Restate word for word the section of the entries that opens at the line containing "After running callpeak, I" and closes at the line containing "Here's another one", both lines kept, pictures dropped.

- Available records:
- - -

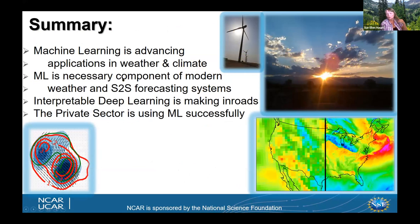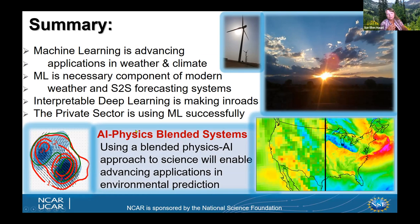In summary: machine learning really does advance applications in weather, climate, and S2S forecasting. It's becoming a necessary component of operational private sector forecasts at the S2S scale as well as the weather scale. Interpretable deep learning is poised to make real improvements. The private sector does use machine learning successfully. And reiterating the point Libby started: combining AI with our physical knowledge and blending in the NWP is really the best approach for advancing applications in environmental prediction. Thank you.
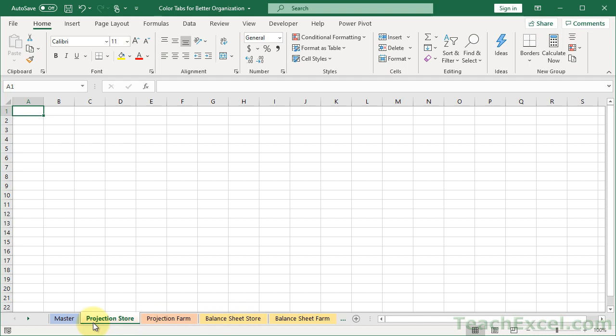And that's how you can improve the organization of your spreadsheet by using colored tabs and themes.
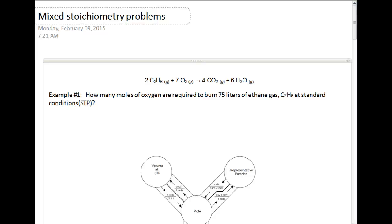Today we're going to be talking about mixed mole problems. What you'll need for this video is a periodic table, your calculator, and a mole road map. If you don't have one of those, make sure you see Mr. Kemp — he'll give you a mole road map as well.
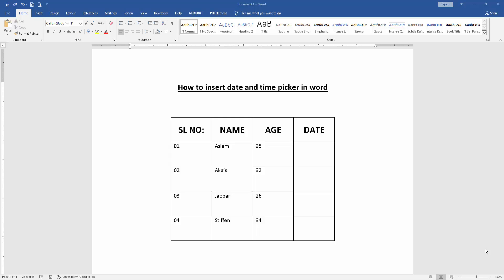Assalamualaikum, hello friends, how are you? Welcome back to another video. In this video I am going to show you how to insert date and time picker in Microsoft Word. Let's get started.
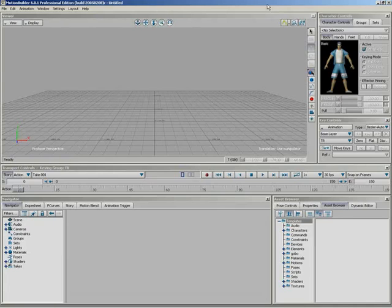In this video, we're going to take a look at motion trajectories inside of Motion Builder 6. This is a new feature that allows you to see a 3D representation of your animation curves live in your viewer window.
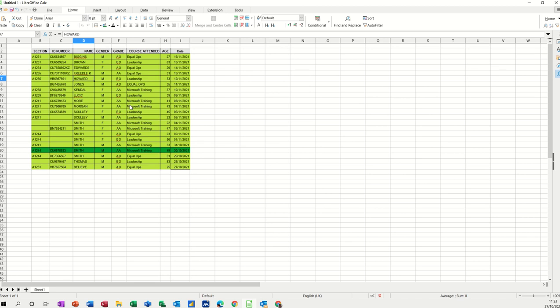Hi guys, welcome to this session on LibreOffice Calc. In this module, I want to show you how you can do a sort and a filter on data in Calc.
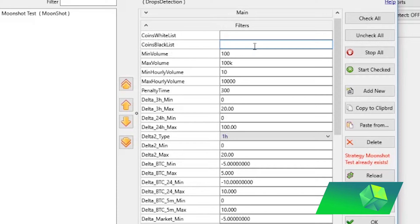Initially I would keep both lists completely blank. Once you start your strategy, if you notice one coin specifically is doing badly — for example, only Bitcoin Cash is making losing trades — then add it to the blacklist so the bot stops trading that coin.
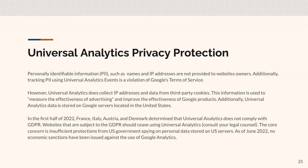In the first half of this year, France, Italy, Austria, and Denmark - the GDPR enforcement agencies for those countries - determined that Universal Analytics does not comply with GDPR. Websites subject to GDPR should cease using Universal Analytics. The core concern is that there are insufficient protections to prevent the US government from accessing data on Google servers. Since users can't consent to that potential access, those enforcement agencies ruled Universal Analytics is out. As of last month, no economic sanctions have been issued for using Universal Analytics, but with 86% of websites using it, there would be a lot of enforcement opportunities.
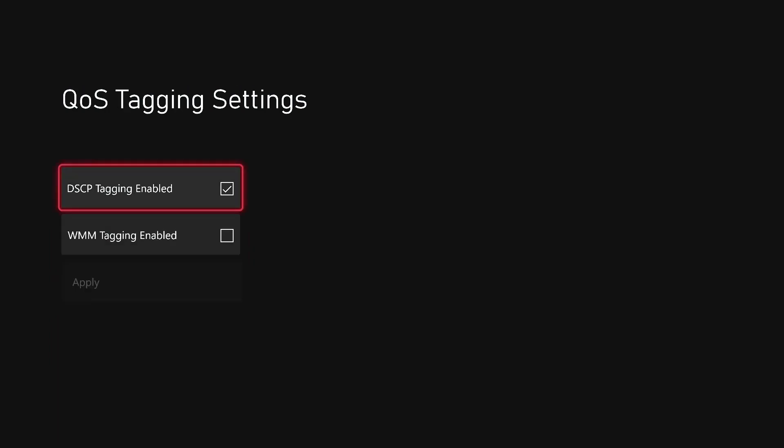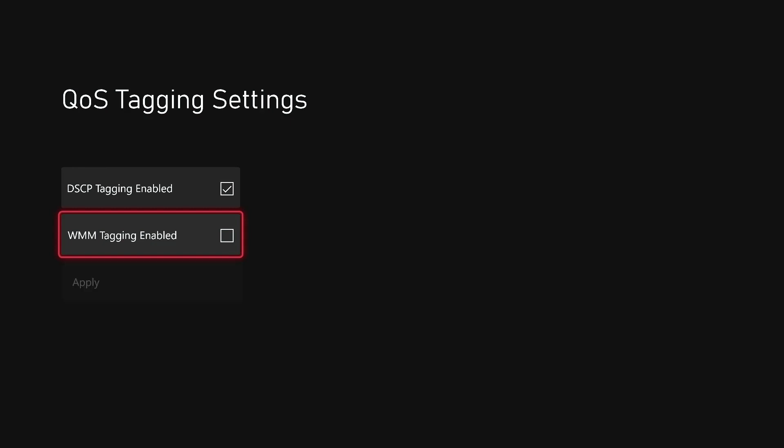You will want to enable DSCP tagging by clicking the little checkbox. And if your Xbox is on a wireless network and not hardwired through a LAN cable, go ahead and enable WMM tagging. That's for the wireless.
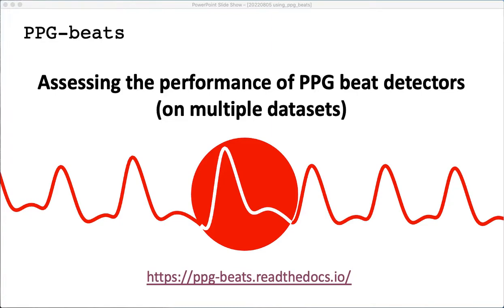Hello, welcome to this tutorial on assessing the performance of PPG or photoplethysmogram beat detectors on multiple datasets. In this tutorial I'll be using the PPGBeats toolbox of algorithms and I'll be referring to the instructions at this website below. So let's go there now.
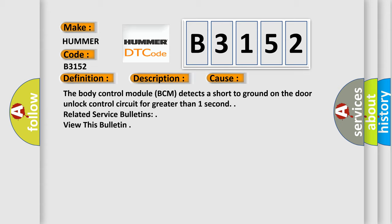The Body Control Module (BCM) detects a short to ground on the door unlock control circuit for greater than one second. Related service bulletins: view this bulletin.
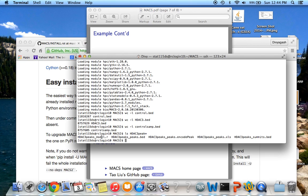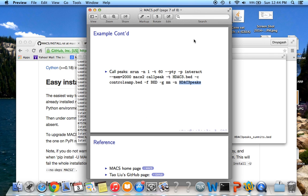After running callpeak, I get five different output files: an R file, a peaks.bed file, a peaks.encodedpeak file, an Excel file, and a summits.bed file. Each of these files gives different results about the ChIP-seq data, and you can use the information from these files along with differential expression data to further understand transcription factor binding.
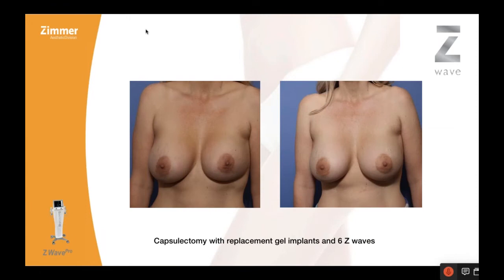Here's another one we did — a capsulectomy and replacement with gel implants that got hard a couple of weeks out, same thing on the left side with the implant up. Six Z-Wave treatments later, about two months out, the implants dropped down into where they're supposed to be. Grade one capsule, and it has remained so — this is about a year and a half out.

- - -

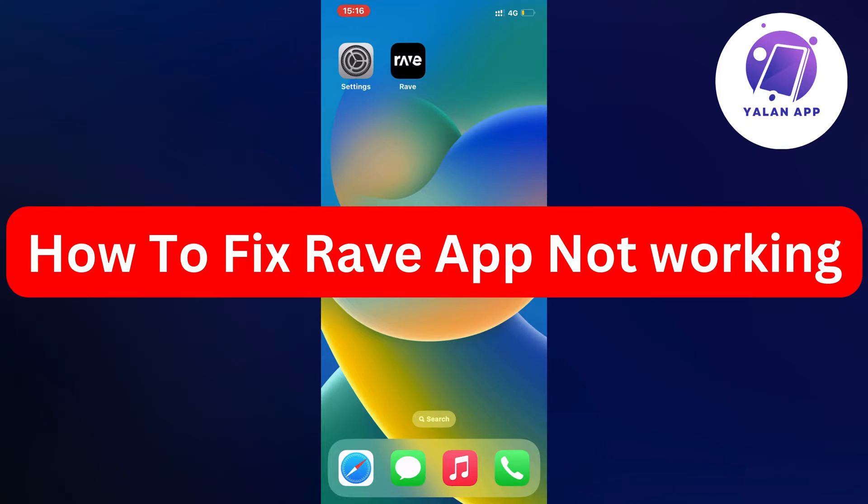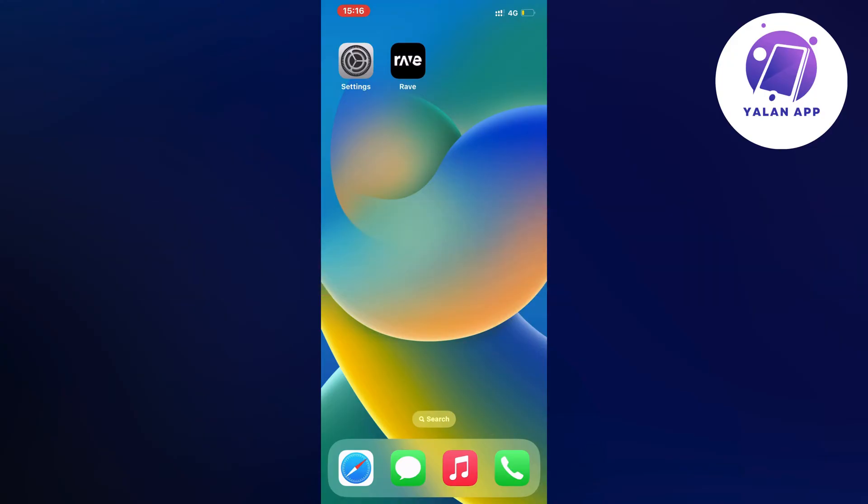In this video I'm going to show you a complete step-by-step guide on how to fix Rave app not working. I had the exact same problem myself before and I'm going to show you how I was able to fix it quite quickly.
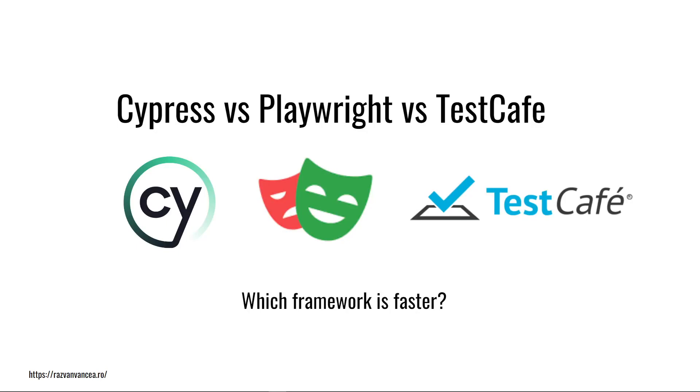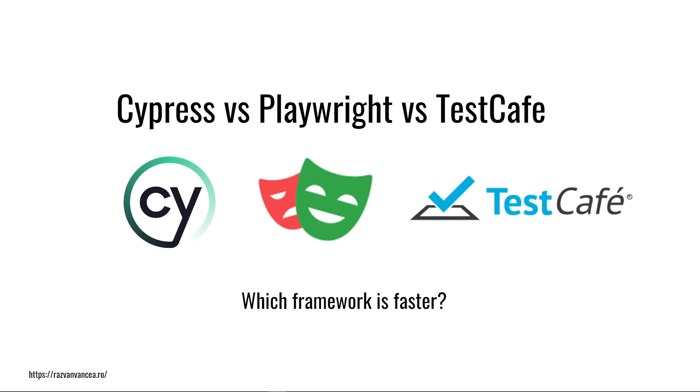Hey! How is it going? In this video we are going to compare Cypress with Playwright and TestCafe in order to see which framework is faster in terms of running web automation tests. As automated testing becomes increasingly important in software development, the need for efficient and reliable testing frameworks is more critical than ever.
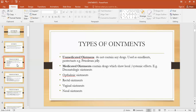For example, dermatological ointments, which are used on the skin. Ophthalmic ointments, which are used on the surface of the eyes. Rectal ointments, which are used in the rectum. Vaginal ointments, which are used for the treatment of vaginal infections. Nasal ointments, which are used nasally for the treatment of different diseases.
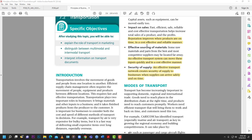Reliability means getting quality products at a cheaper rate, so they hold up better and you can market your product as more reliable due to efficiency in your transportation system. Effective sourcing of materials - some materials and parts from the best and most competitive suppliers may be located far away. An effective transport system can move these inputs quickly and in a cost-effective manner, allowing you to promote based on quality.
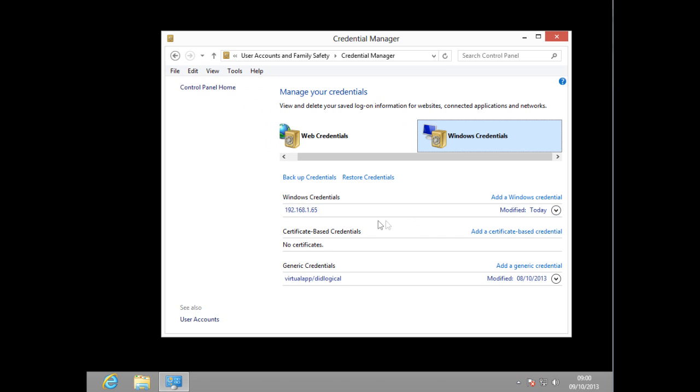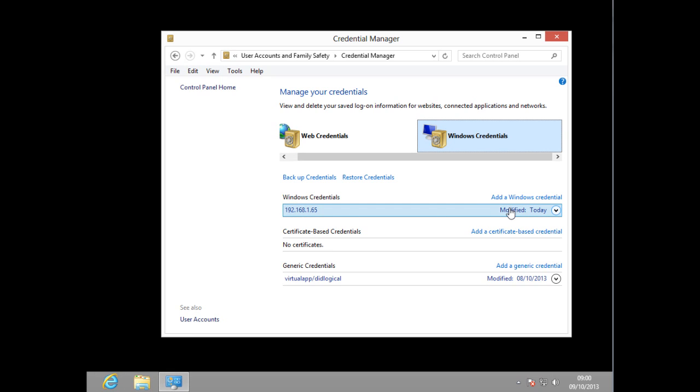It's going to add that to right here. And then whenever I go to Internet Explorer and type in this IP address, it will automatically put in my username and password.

- - -

- Result for this task:
After running callpeak, I get five different output files: an R file, a peaks.bed file, a peaks.encodedpeak file, an Excel file, and a summits.bed file. Each of these files gives different results about the ChIP-seq data, and you can use the information from these files along with differential expression data to further understand transcription factor binding.
Here's another one we did — a capsulectomy and replacement with gel implants that got hard a couple of weeks out, same thing on the left side with the implant up. Six Z-Wave treatments later, about two months out, the implants dropped down into where they're supposed to be. Grade one capsule, and it has remained so — this is about a year and a half out.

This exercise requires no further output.